> What the task requires
In the entries below, find the line with "Create fidget spinner" and the line with "All items on"; give again those lines and every line between them, exactly.

> Provided material
◇ ◇ ◇ ◇ ◇

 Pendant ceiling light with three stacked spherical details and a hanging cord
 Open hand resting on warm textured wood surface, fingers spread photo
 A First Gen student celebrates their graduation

◇ ◇ ◇ ◇ ◇

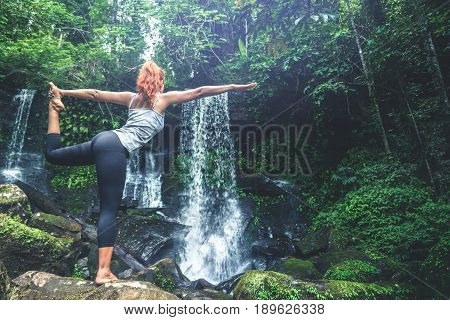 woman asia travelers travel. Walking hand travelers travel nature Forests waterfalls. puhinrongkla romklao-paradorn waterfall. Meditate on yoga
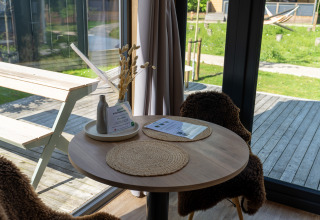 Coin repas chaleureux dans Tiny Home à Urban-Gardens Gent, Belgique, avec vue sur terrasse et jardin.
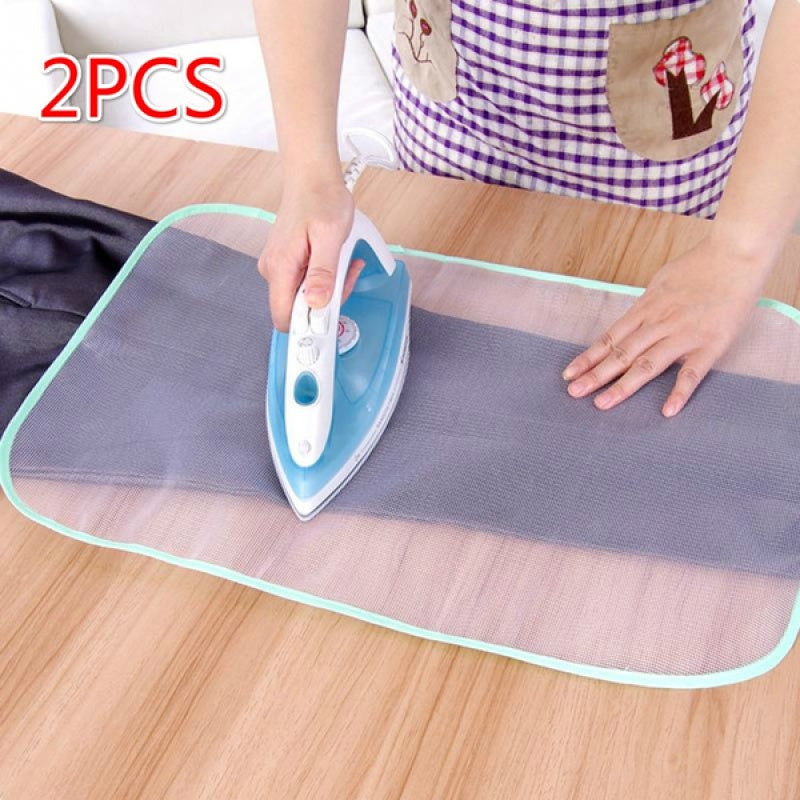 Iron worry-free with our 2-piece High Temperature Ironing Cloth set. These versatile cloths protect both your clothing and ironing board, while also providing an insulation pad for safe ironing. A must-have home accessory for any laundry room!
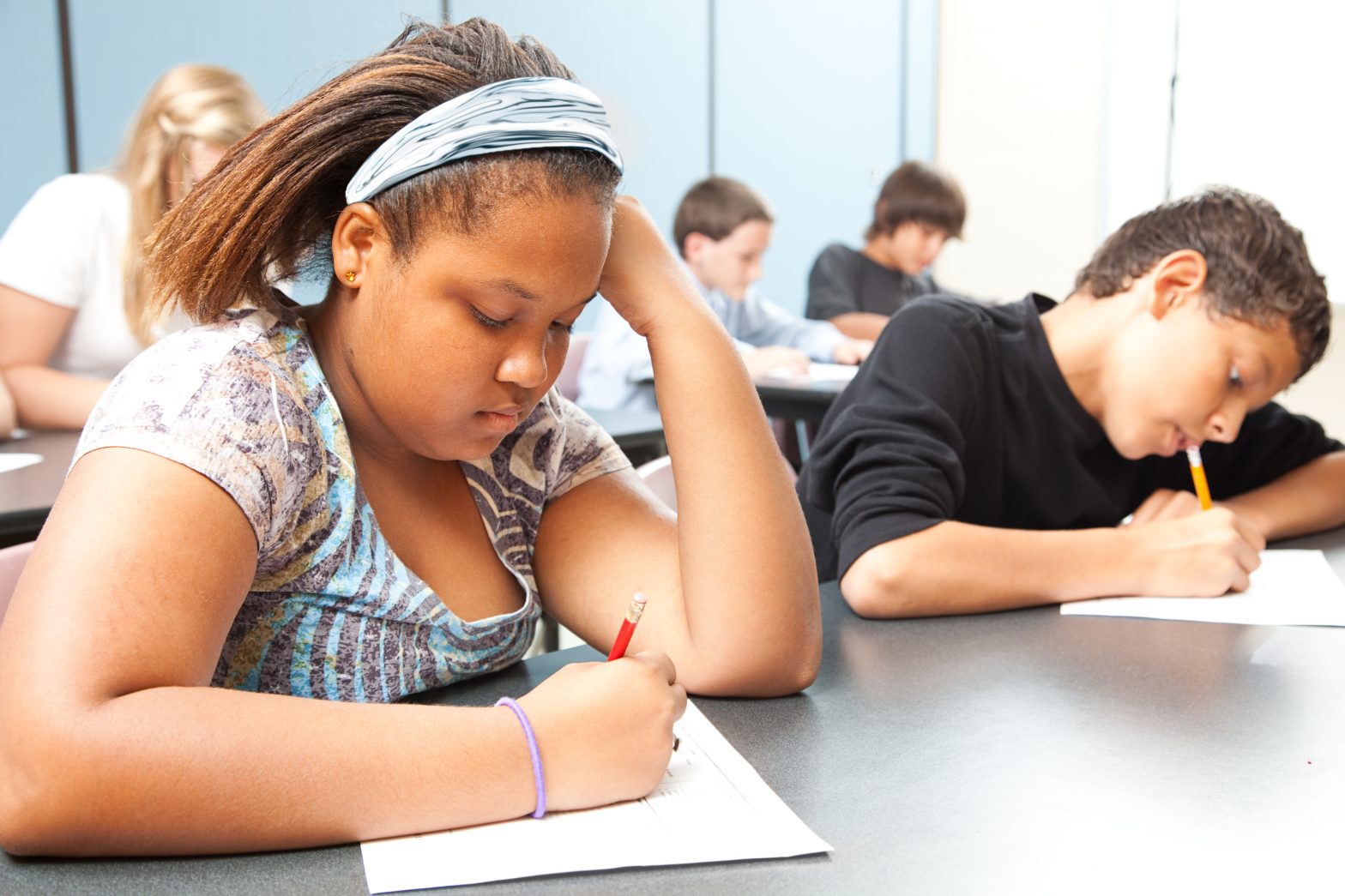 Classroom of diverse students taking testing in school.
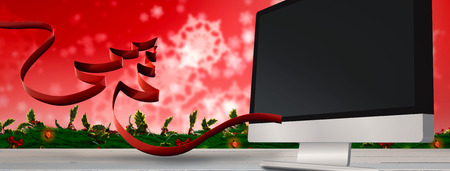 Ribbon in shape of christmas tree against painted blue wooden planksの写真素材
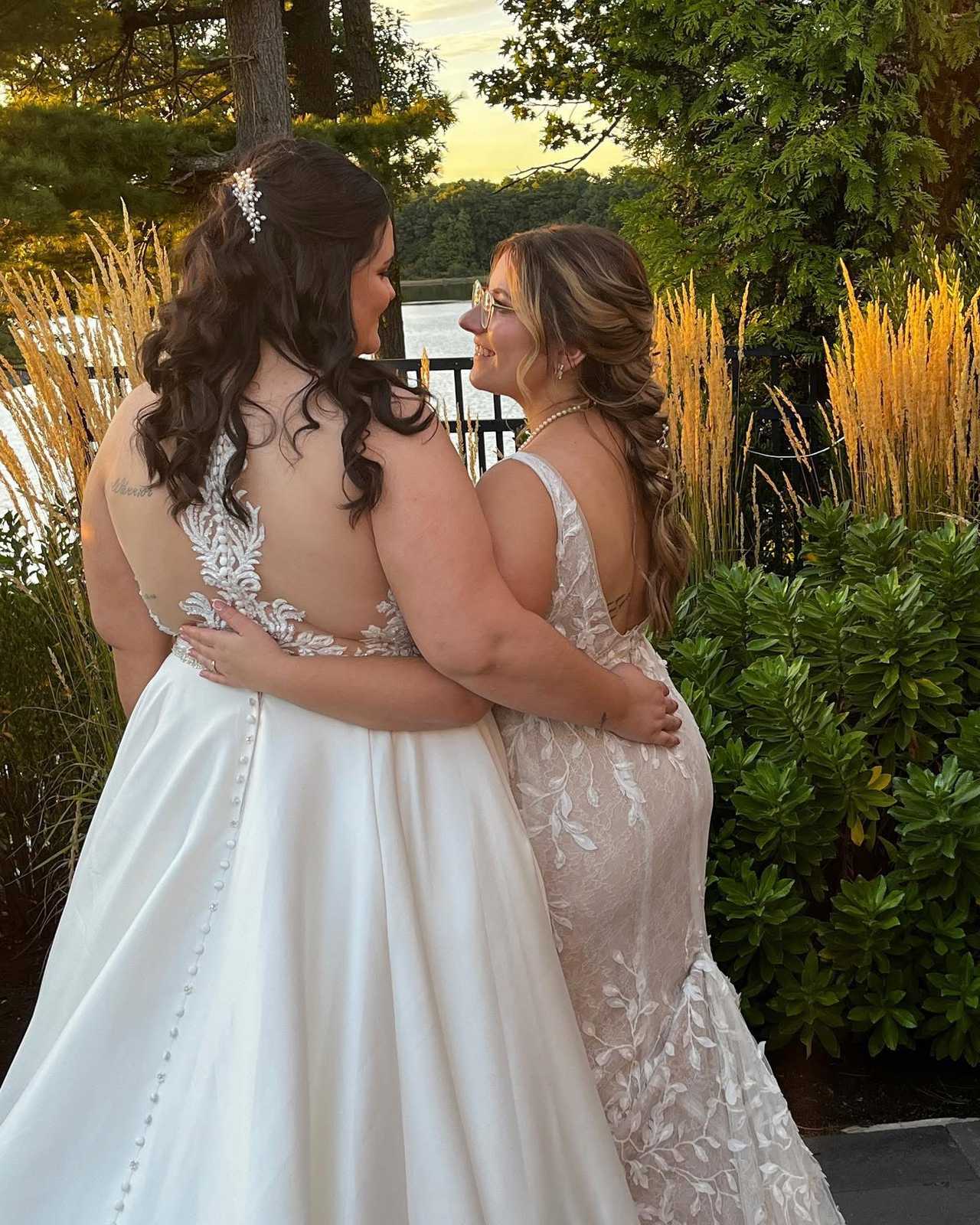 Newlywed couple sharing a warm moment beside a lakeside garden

◇ ◇ ◇ ◇ ◇

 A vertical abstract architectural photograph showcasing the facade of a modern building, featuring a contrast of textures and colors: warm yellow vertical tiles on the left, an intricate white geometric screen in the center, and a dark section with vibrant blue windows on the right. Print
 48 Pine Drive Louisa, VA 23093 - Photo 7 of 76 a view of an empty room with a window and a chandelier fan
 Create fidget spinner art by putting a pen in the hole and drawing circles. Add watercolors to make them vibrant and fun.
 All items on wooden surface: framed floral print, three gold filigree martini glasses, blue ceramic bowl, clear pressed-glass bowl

◇ ◇ ◇ ◇ ◇

> Task output
 Create fidget spinner art by putting a pen in the hole and drawing circles. Add watercolors to make them vibrant and fun.
 All items on wooden surface: framed floral print, three gold filigree martini glasses, blue ceramic bowl, clear pressed-glass bowl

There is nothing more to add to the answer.